# St.Louis Cardinals & the Boston Red Socks going to the World Series.....!!!



## Rick Dennington (Aug 27, 2009)

The Cardinals are my favorite baseball team, and I'm glad they are going to the World Series….This will be the first time since 1968 that they have played the Red Sox for the Series….They both are a strong team, and it will be interesting to see who comes out on top…..If you're a fan of either, post your thoughts on the Series…..


----------



## C_PLUS_Woodworker (Jun 10, 2010)

Nostalgia:

I loved………and now miss………. teams like the Lakers with Magic Johnson, Kareem Abdul Jabbar, etc…….. and the Celtics with Kevin McHale, Dennis Johnson, Robert Parish, Danny Ainge, etc.

And, I miss the old Boston Red Sox - "The Big Red Machine" of the mid-70's

What a greet team.

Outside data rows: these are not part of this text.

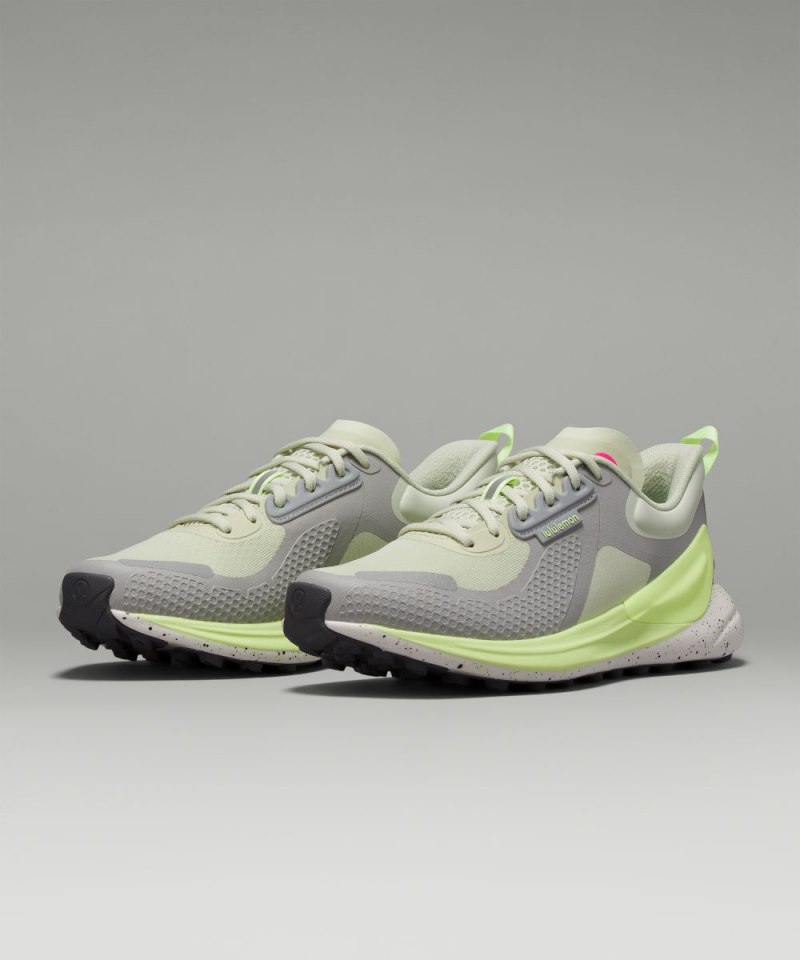 Lululemon Blissfeel Trail Women's Running Shoe Dewy / Silver Drop / Faded Zap Online Outlet Sale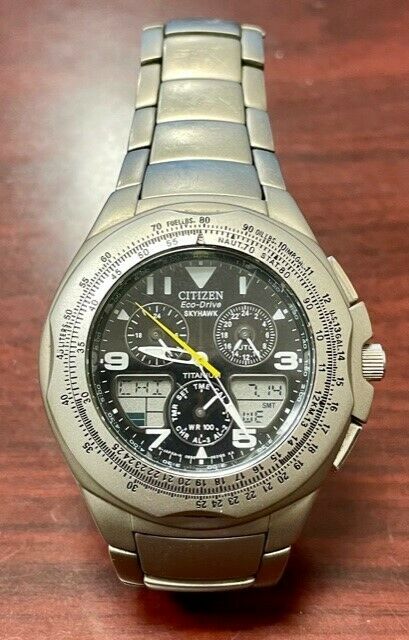 CITIZEN Eco-Drive 腕時計 Citizen Promaster JY8086-89X Eco-Drive Chronograph Perpetual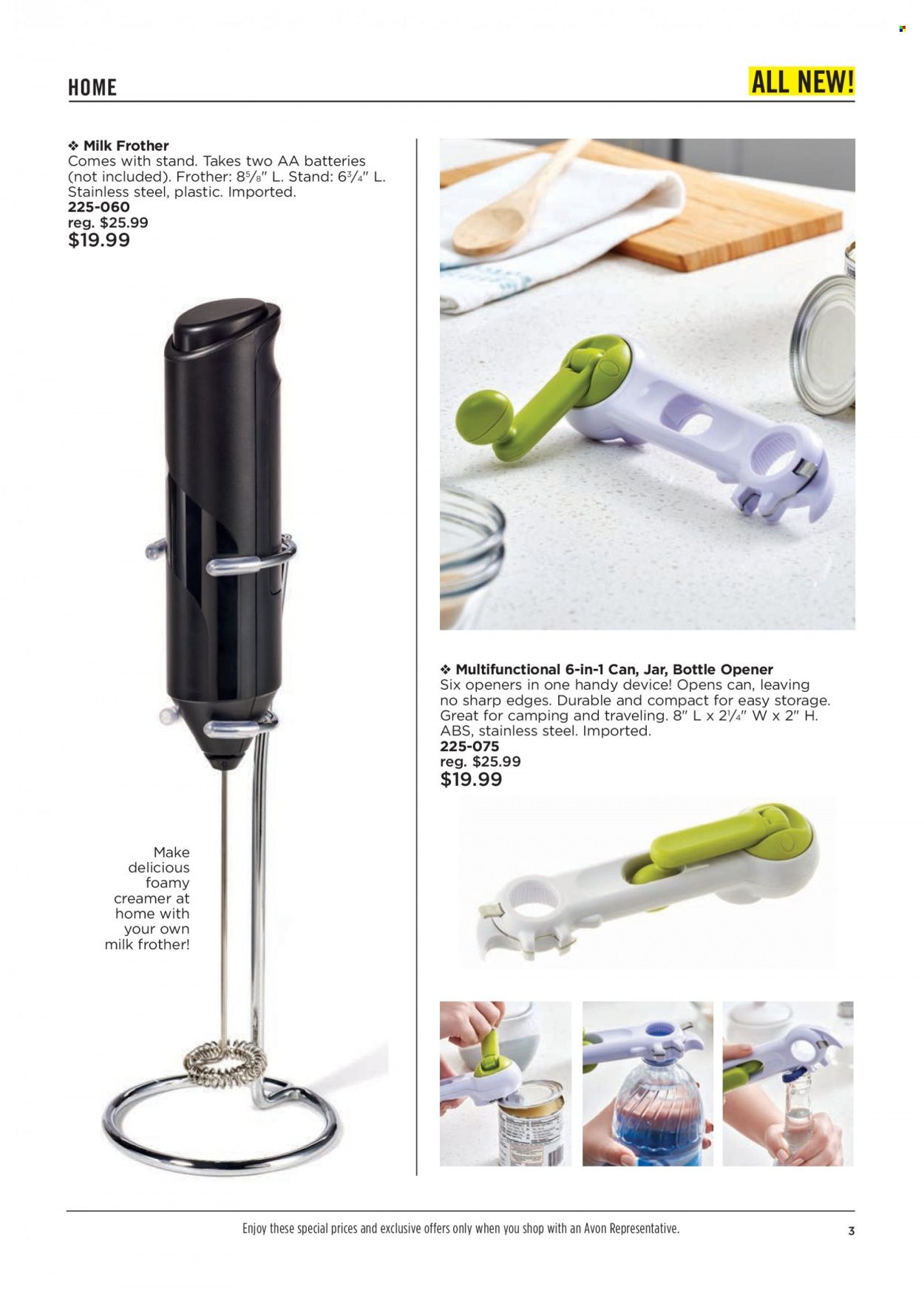 Avon Weekly Ad Flyer Specials March 29 to April 11, 2023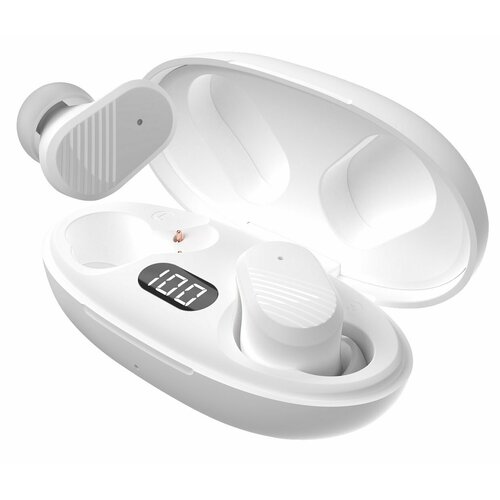 Беспроводные наушники Accesstyle Citrus TWS белый 70800₽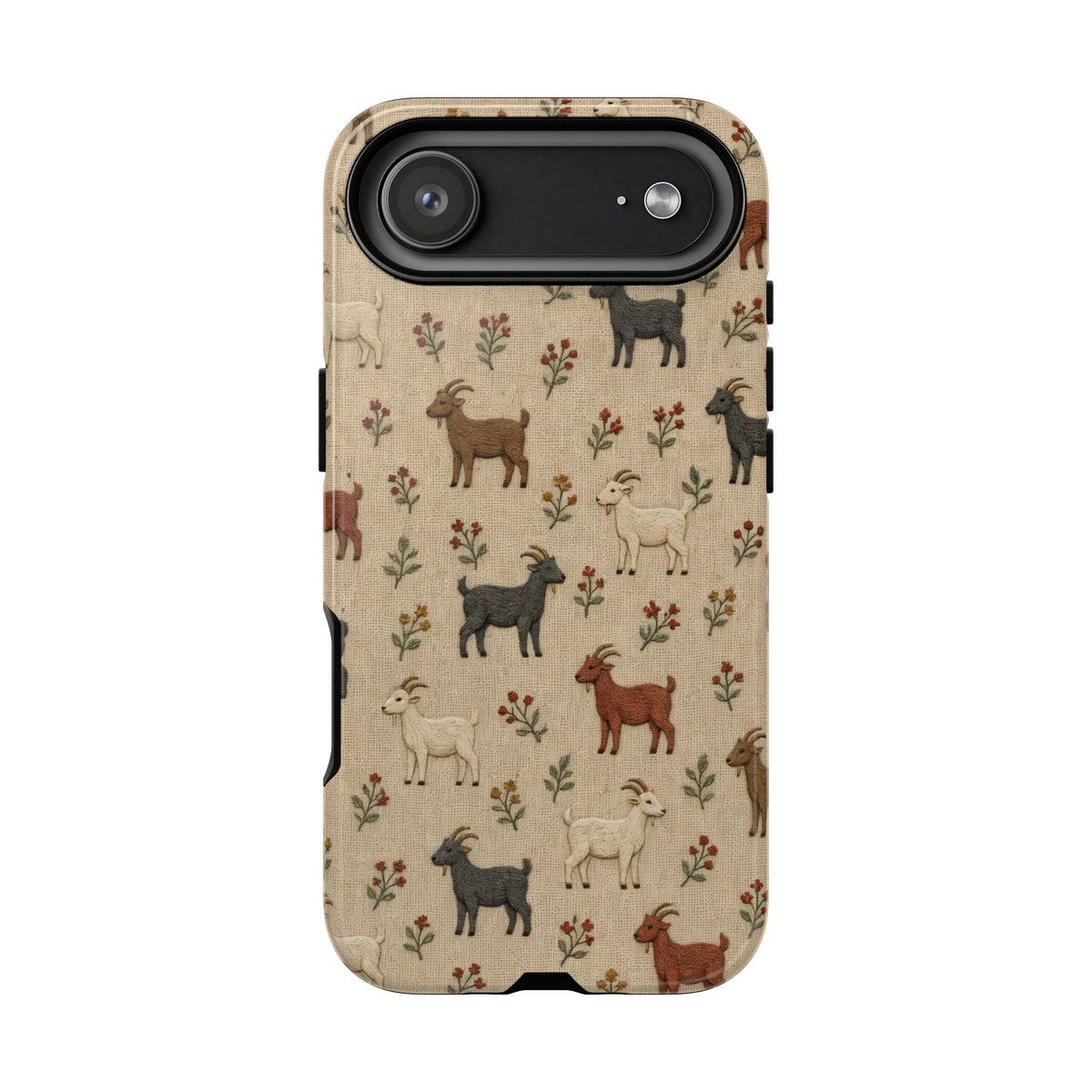 Stitched Goats Tough Case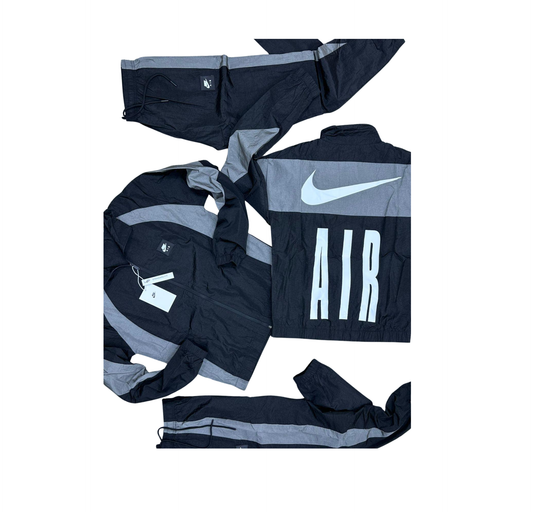 Chandal Nike Air Negro Gris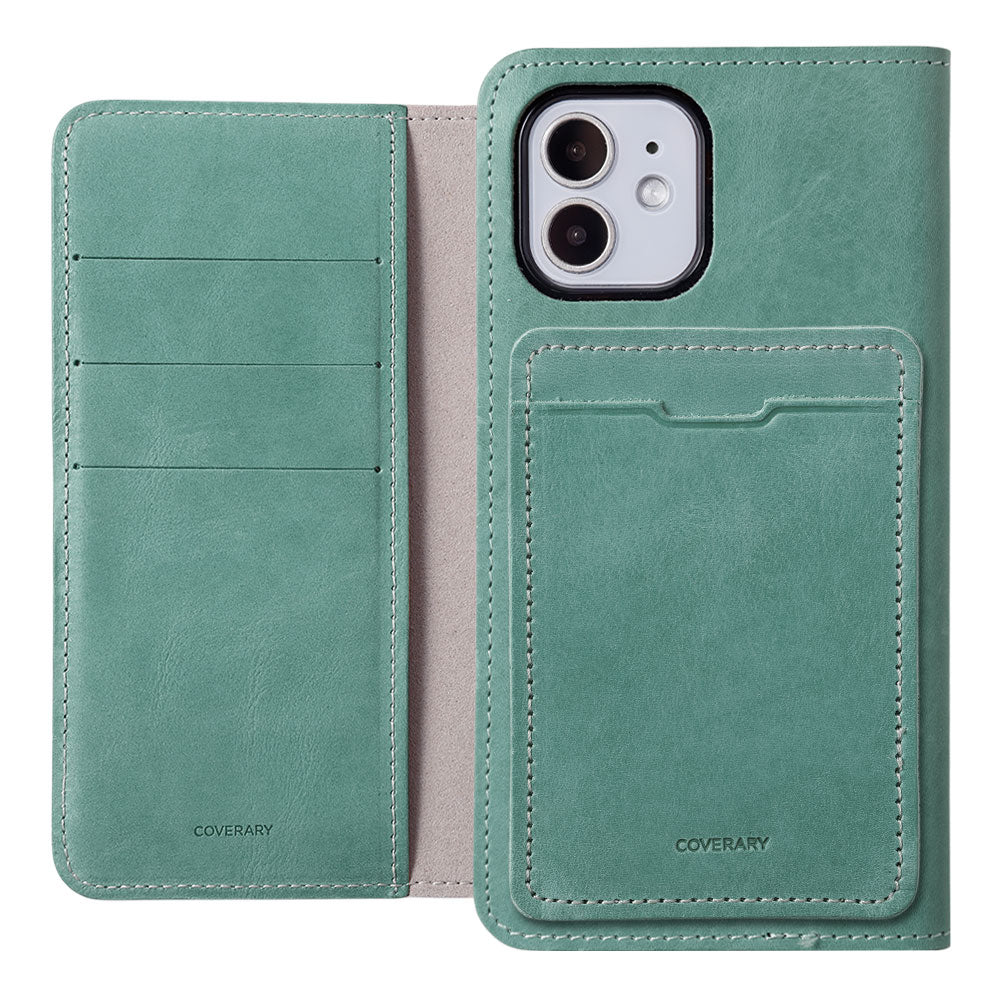 Genuine Leather Japan Leather Mostro Selectable Back Pocket Card Storage Notebook Case Google Pixel Series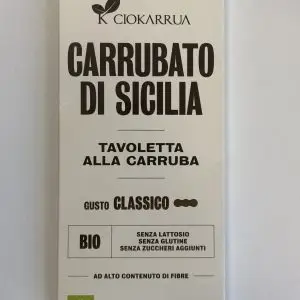 CIOKARRUA Karobová Čokoláda Gusto classico IGP 50g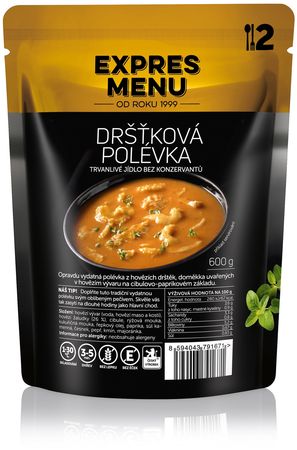 Expres Menu Dršťková polévka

Coached by Sparky Anderson with a great starting line-up of Pete (Mr. Charlie Hustle), Rose, Morgan, Pérez, Concepción, Foster, Griffey, and Gerónimo.

Should be a good Series. I hope it is.

Best. Bruce.


----------



## whitebeast88 (May 27, 2012)

rick,always been a braves fan.but i've always liked the cards,i think they are a classy organization.the best of fortune to them.


----------



## 33706 (Mar 5, 2008)

*right on, Mr C+!!!!*
Man, that grand slam in the 6th inning put them right on top in the 6th game of the series. Shane Victorino… who is this guy?? WTG Sox!!!
I am pained, though to watch the game and not see my favorite players from recent years, now most notably Kevin Youkilis, Johnny Damon, and Josh Beckett. But, no doubt this team makes it happen!


----------



## 280305 (Sep 28, 2008)

This is the first time since 1999 that the world series is between the two teams with the best regular-season record in their league. Coincidentally, they have the same record: 97 wins and 65 losses.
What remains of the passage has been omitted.